Cymbeline was first printed in the folio of 1623, where it is the last play in the volume, occupying pages 369-399 (misprinted 993) in the division of "Tragedies." The earliest allusion to it that has been discovered is in Dr. Simon Forman's MS. Diary (see Richard II. p. 13, M. N. D. p. 10, and W. T. p. 10), which belongs to the years 1610 and 1611. His sketch of the plot (not dated) is as follows:

*

*As given in the New Shaks. Soc. Transactions for 1875-6, p. 417.

"Remember also the storri of Cymbalin king of England, in Lucius tyme, howe Lucius Cam from Octauus Cesar for Tribut, and being denied, after sent Lucius with a greate Arme of Souldiars who landed at milford hauen, and Affter wer vanquished by Cimbalin, and Lucius taken prisoner, and all by means of 3 outlawes, of the which 2 of them were the sonns of Cimbalim, stolen from him when they but 2 yers old by an old man whom Cymbalin banished, and he kept them as his own sonns 20 yers with him in A caue. And howe [one] of them slewe Clotan, that was the quens sonn, goinge To milford hauen to sek the loue of Innogen the kinges daughter, whom he had banished also for louinge his daughter. and howe the Italian that cam from her loue conveied him selfe into A Cheste, and said yt was a chest of plate sent from her loue & others, to be presented to the kinge. And in the depest of the night, she being aslepe, he opened the cheste & cam forth of yt, And vewed her in her bed, and the markes of her body, & toke a-wai her braslet, & after Accused her of adultery to her loue, &c. And in thend howe he came with the Romains into England & was taken prisoner, and after Reueled to Innogen who had turned her self into mans apparrell & fled to mete her loue at milford hauen, & chanchsed to fall on the Caue in the wodes wher her 2 brothers were, & howe by eating a sleping Dram they thought she had bin deed, & laid her in the wodes, & the body of cloten by her in her loues apparrell that he left behind him, & howe she was found by lucius, &c."

The play was probably a new one when Forman saw it in 1610 or 1611. Drake dates it in 1605, Chalmers in 1606, Malone in 1609 (after having at first assigned it to 1605), Fleay (Introd. to Shakespearian Study) "circa 1609," White "1609 or 1610," Delius, Furnivall, and Stokes in 1610, Dowden and Ward at about the time when Forman saw it. The internal evidence of style and metre indicates that it was one of the latest of the plays.
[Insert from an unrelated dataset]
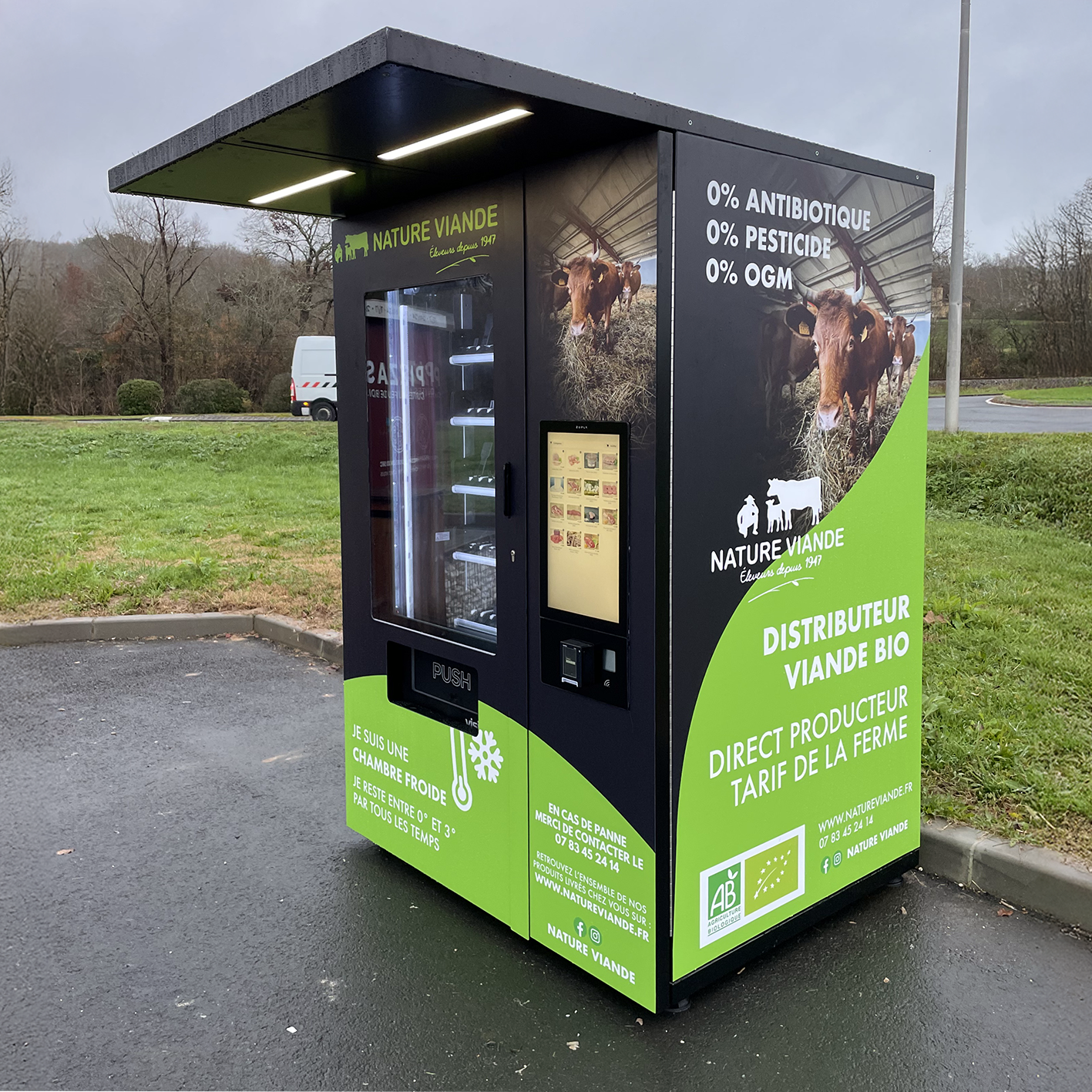 Distributeur automatique extérieur pour vente de viande bio en circuit court, installé chez le producteur Nature Viande à Bergerac.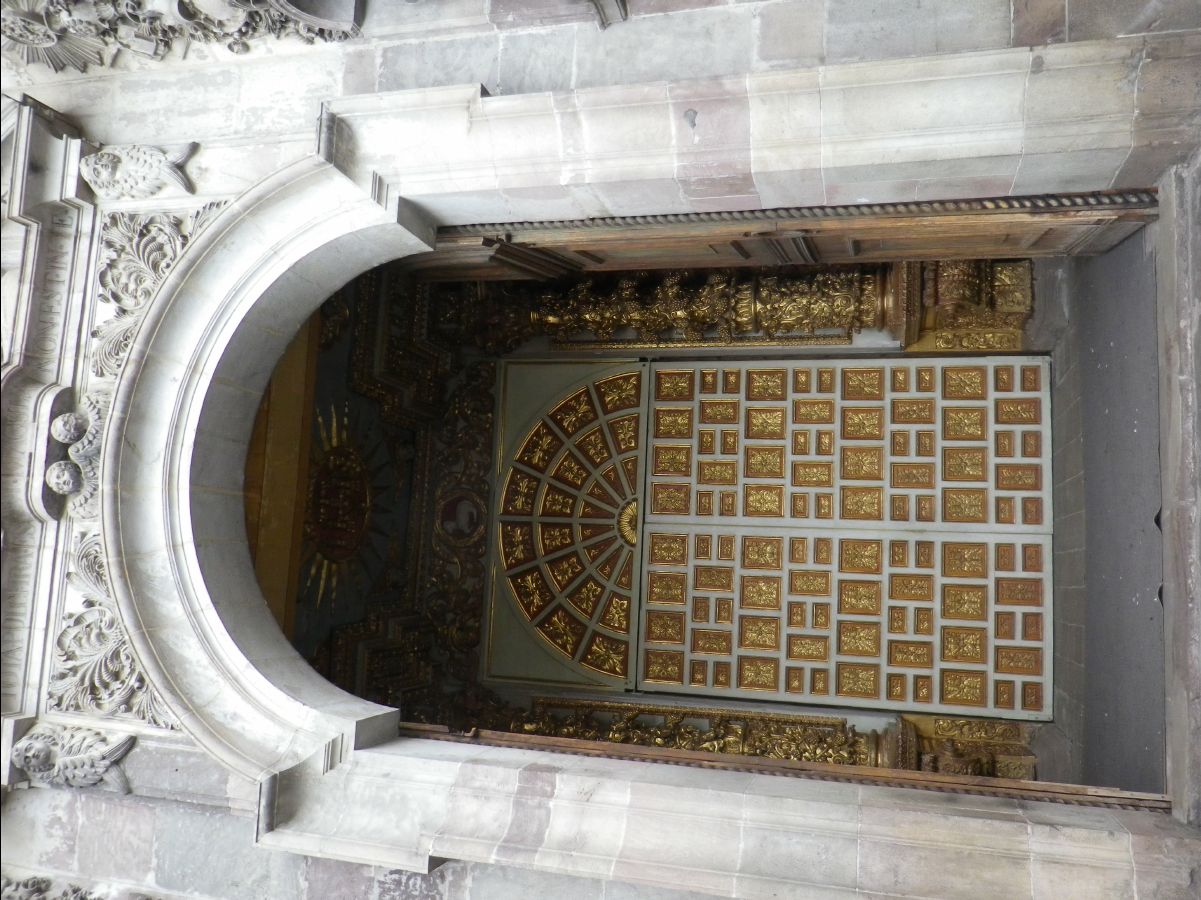The Gold Church03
Cymbeline is badly printed in the folio, and the involved style makes the correction of the text a task of more than usual difficulty. The critics generally agree that the vision in v. 4 cannot be Shakespeare's. Ward considers that "there is no reason, on account of its style, which reminds one of the prefatory lines to the cantos of the Faerie Queene, to impugn Shakespeare's authorship of it;" but it seems to us. very clearly the work of another hand. Cf. the rhymed episode in A. Y. L. v. 4. 113 fol., and see our ed. p. 199 (note on 136).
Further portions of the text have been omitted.